У стола со швейной машинкой стоял стул с жесткой спинкой. Книжный шкаф, сколоченный из брусков и досок, выкрашенный в светло-серый, представлял разношерстное собрание коленкоровых и бумажных переплетов. Пол отчасти покрыт ярким вязаным ковром. Помимо этого ковра и вазы с листьями, единственными украшениями жилища служили деревянный, судя по всему, арбуз на книжном шкафу и здоровенная затейливая коряга, простиравшаяся вдоль моей стены за пределы обзора.

(Эта комната больше смахивает на берлогу, думает он; некое пристанище, где кто-то – женского пола, конечно… хотя он не в силах найти в обстановке хоть сколько-нибудь веские доказательства женственности обитательницы, – уединяется, чтобы читать, шить, да и просто уединяется. Вот в чем дело. Этим-то она и напомнила мне прежнюю комнату матери – там царила та же атмосфера укрытия, приватной кельи, персональной крепости, отдохновения от сального кошмара, творящегося внизу. И здесь – то же самое, что-то вроде Волшебной Страны Над Радугой, где истомленная душа исцеляется пением синих птиц, где беда растает леденцом, над дымоходом – дым венцом… там буду ждать я…)

Я с первого же взгляда решил, что комната принадлежит «Дикой Орхидее» братца Хэнка. Кто бы еще так обставил жилище? Из мужиков – никто. И уж точно не та пигалица, что я видел внизу. Остается лишь жена Хэнка. Нужно отдать чертяке должное, даже если это должное чертовски трудно представить в роли его супруги. (Он отстраняется от дыры, сидит, упершись лбом в холодное дерево. А что удивительного в том, что жена Хэнка – дама необычная? Как раз напротив: удивительно было бы иное. Потому что уж он-то нашел свое слово, и это…)

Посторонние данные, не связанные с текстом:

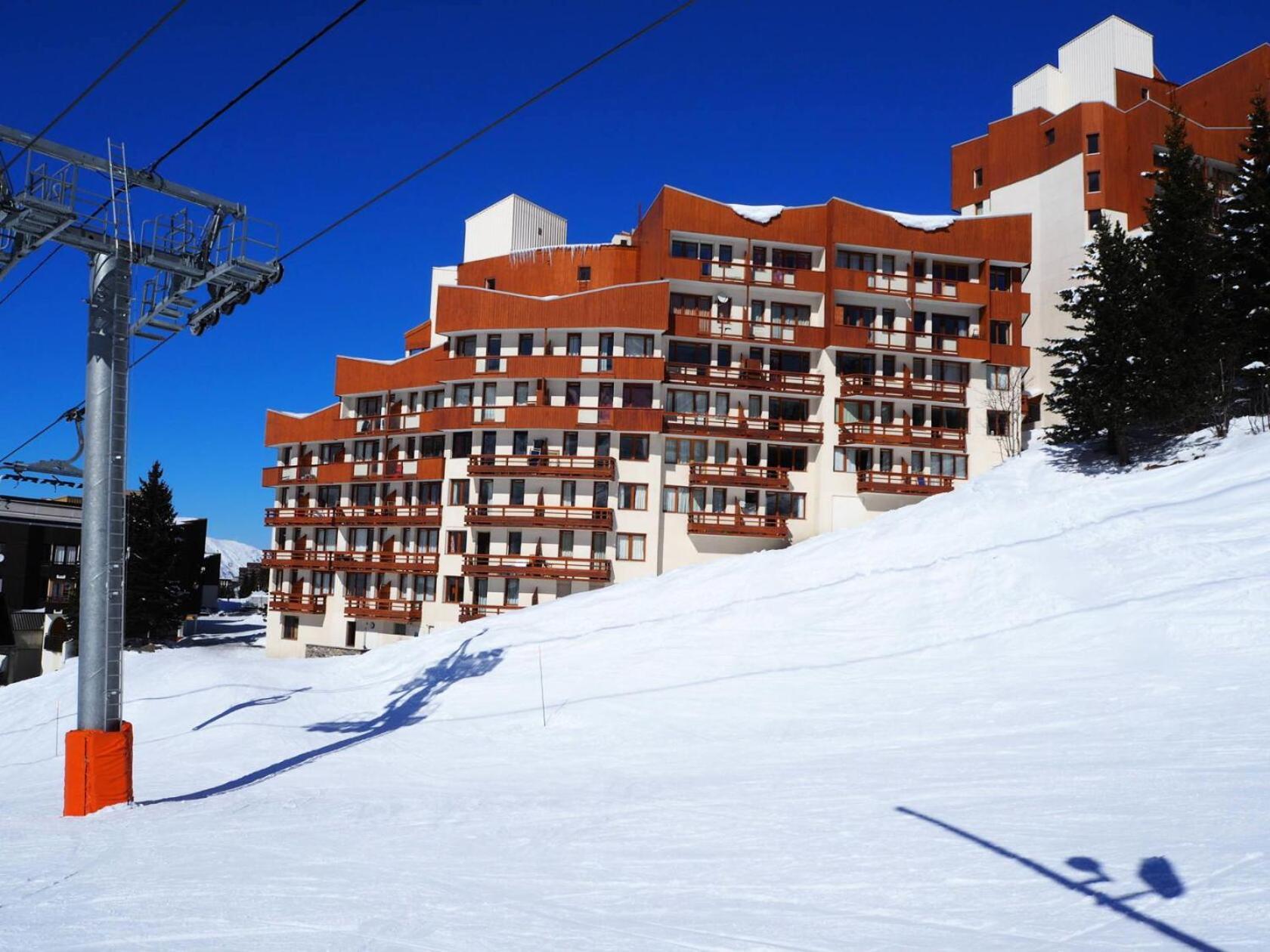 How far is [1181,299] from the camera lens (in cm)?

Так я сидел в темноте, смакуя грушу и мысли о Хэнке, о героях, о том, как-мне-отыскать-мое-заветное-слово… (вдруг фанерное сиденье стула треснуло…); я услышал крик со стороны реки. (Он провалился коленями, сложился, как перочинный нож, ударившись челюстью о спинку стула…) Голос был женский (то самое густое божественное контральто из его снов; он валится набок, колени скованы коварным стулом…), он ворвался в комнату через окно вместе с морозной дымкой. Я снова услышал его, затем – рев моторки, устремившейся через реку на этот голос. (Лишь оказавшись на полу, он сумел высвободить ноги из ловушки стула… Поднялся, подбежал к окну…) Через несколько минут я услышал, как моторка возвращается, и две пары ног проскрипели по помосту. Одна пара принадлежала братцу Хэнку, и был он явно чем-то взбудоражен. Они прошли прямо под моим окном…

– …Послушай, дорогая, – этак рехнуться можно, если брать в голову, что́ там всякие сявки, вроде Долли Маккивер или ее хмыря-папаши, думают обо мне и моих делах. Да я в грош не ставлю собачье мнение этого курятника!

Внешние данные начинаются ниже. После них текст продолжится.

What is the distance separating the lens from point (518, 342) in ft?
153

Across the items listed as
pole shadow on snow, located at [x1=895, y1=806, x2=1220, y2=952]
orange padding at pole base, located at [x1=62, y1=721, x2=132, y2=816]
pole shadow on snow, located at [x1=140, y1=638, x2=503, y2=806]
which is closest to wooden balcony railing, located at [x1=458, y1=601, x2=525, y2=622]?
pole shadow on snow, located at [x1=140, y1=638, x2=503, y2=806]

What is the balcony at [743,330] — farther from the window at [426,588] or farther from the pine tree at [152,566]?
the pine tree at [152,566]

Другой голос, едва не плача:

– Долли Маккивер всего лишь просила, чтоб я тебе задала вопрос

– Ну задала. В другой раз, как увидишь ее, так и ответь: «Я его спросила».

– Другого раза не будет. Я не выдержу – не вынесу всех этих шпилек и когтей. От людей, которых я… я…

– О господи боже ты мой. Ну же. Не делай из мухи слона. Все ты выдержишь. Надолго им ни пороху, ни мозгов не хватит.

– Надолго не хватит? Они ведь даже не знают.

– Что будет, когда вернется Флойд Ивенрайт? Он ведь мог сделать копию с того отчета, верно?

– Ладно, ладно…

– Ему придется рассказать людям…

– Ну и расскажет. Вообще-то, никого из наших женщин не избирали Королевой города. Но вот они как-то пережили это огорчение… И, солнышко, не дай бог тебе хоть сотой доли тех шпилек, которые достались, скажем, второй жене Генри или…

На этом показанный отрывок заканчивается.